EXERCISE GOAL: Quote all entries exactly, leaving pictures aside.

(Short descriptive text snippets)
========================================================================

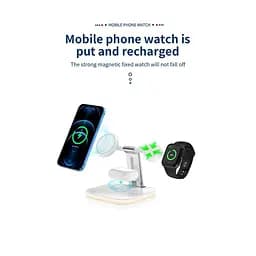 Зарядний пристрій Qi 3in1 LED Magnetic wireless charger JYD-WC101 15W Max білий - мініатюра 3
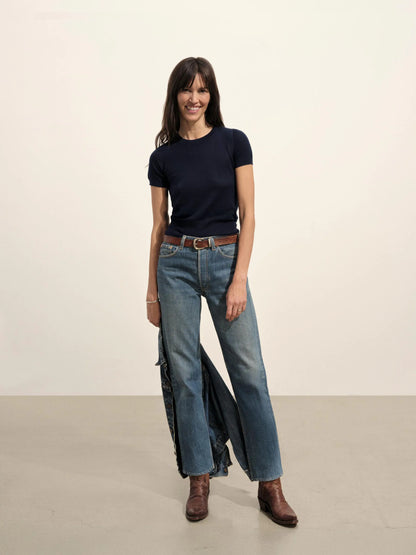 Dark Navy Featherweight Silk Cashmere Tee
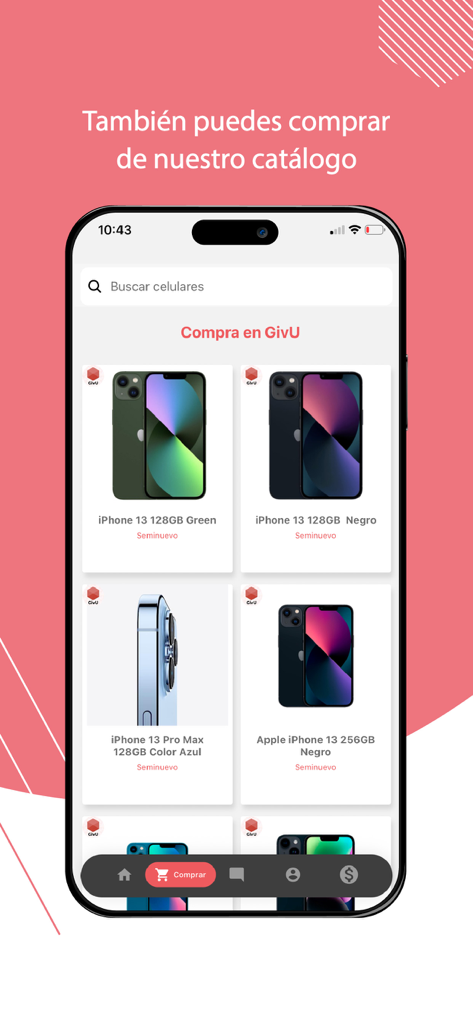 GivU - GivU app screenshot showing a catalog of refurbished iPhone 13 models available for purchase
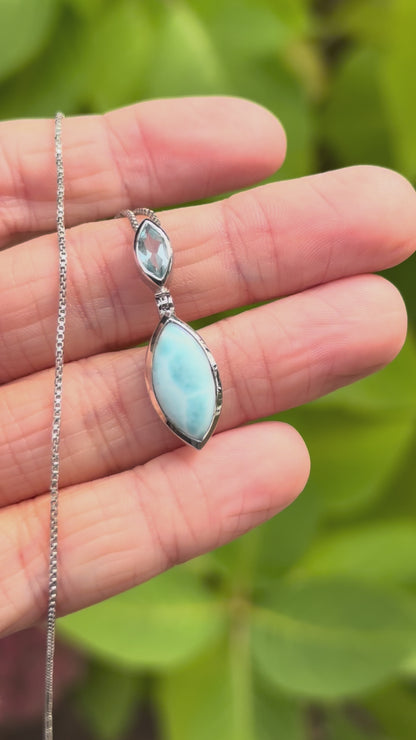 Larimar and Blue Topaz Pendant Necklace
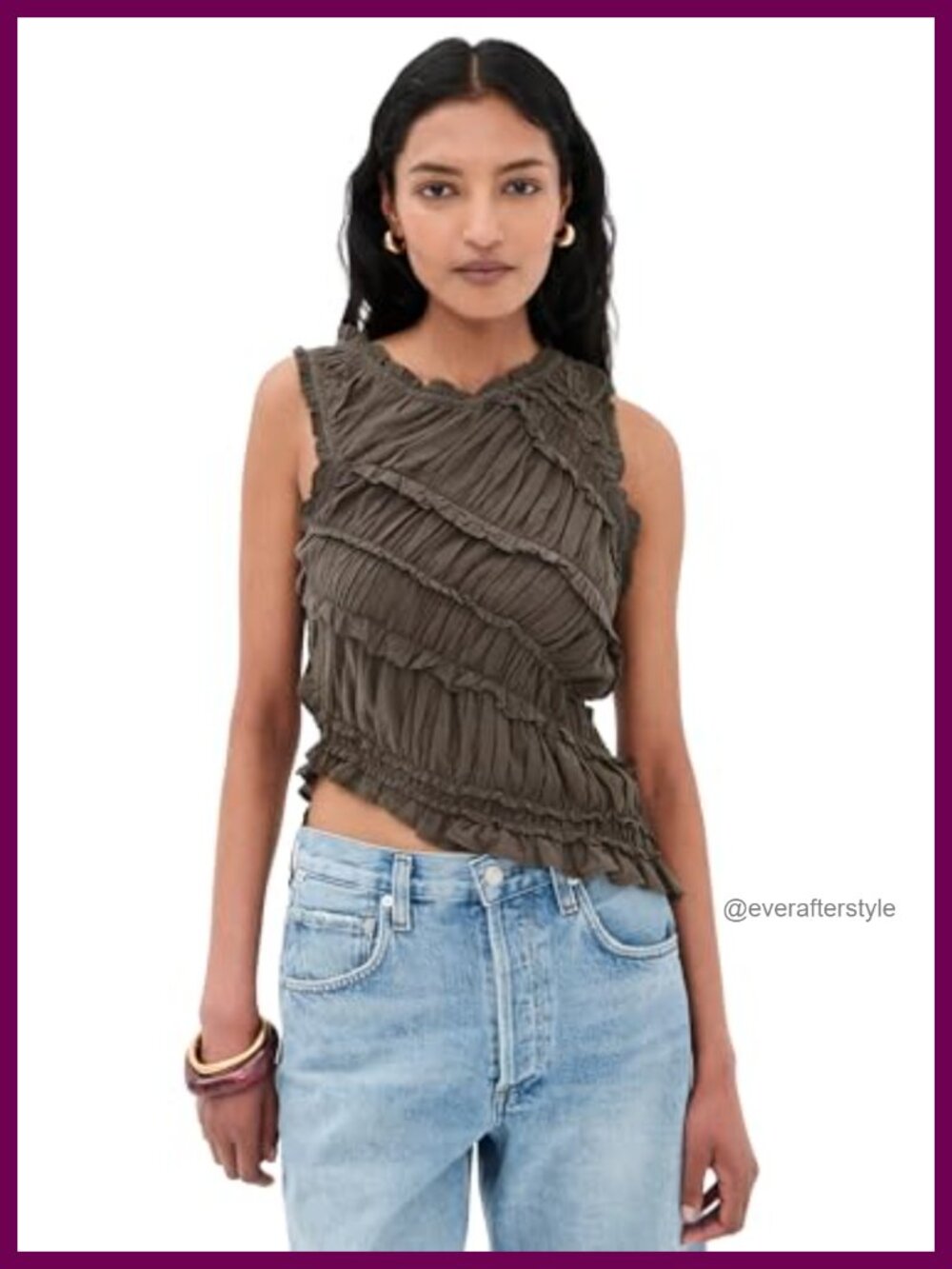Smocked Asymmetrical Hem Top Lightweight Stretch Crepe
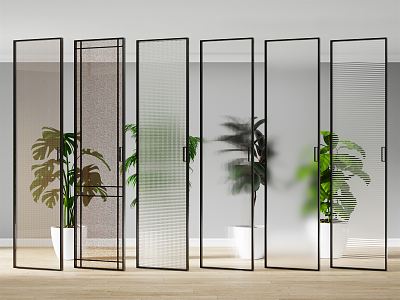 Modern sliding door glass sliding door 3d model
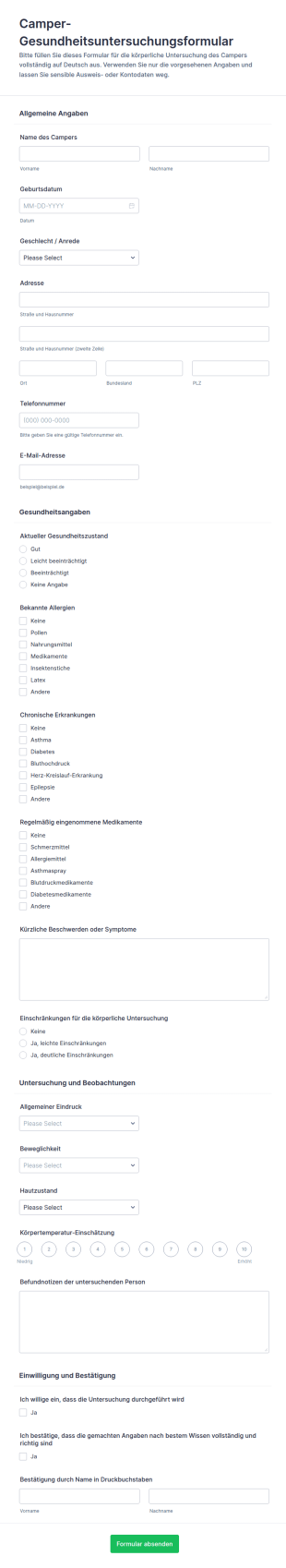 Medizinische Untersuchung Für Camper Form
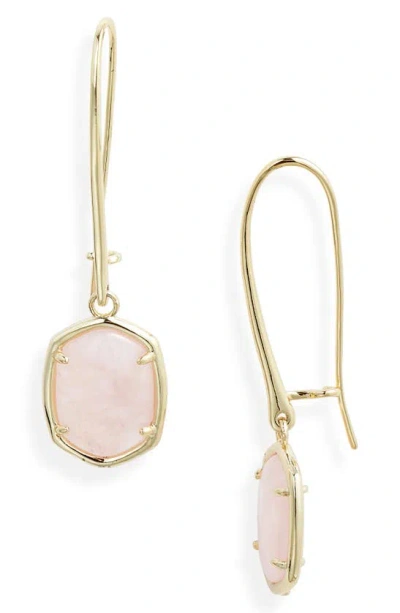 Kendra Scott Daphne Wire Drop Earrings In Gold Rose Quartz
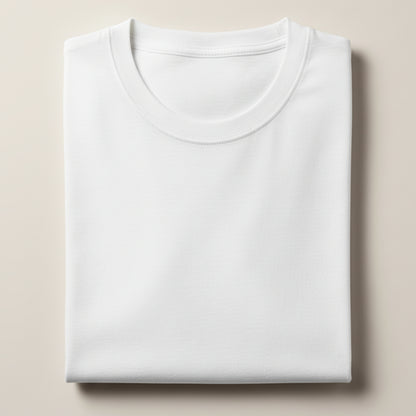 Solid: White Round Neck T-Shirt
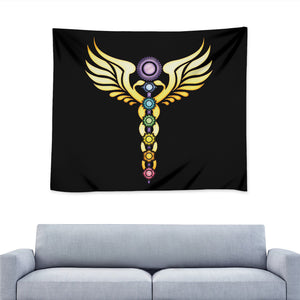 The Seven Chakras Caduceus Print Tapestry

========================================================================

WORKED SOLUTION:
 Зарядний пристрій Qi 3in1 LED Magnetic wireless charger JYD-WC101 15W Max білий - мініатюра 3
 Dark Navy Featherweight Silk Cashmere Tee
 GivU - GivU app screenshot showing a catalog of refurbished iPhone 13 models available for purchase
 Larimar and Blue Topaz Pendant Necklace
Smocked Asymmetrical Hem Top Lightweight Stretch Crepe
 Modern sliding door glass sliding door 3d model
 Medizinische Untersuchung Für Camper Form
 Kendra Scott Daphne Wire Drop Earrings In Gold Rose Quartz
 Solid: White Round Neck T-Shirt
 The Seven Chakras Caduceus Print Tapestry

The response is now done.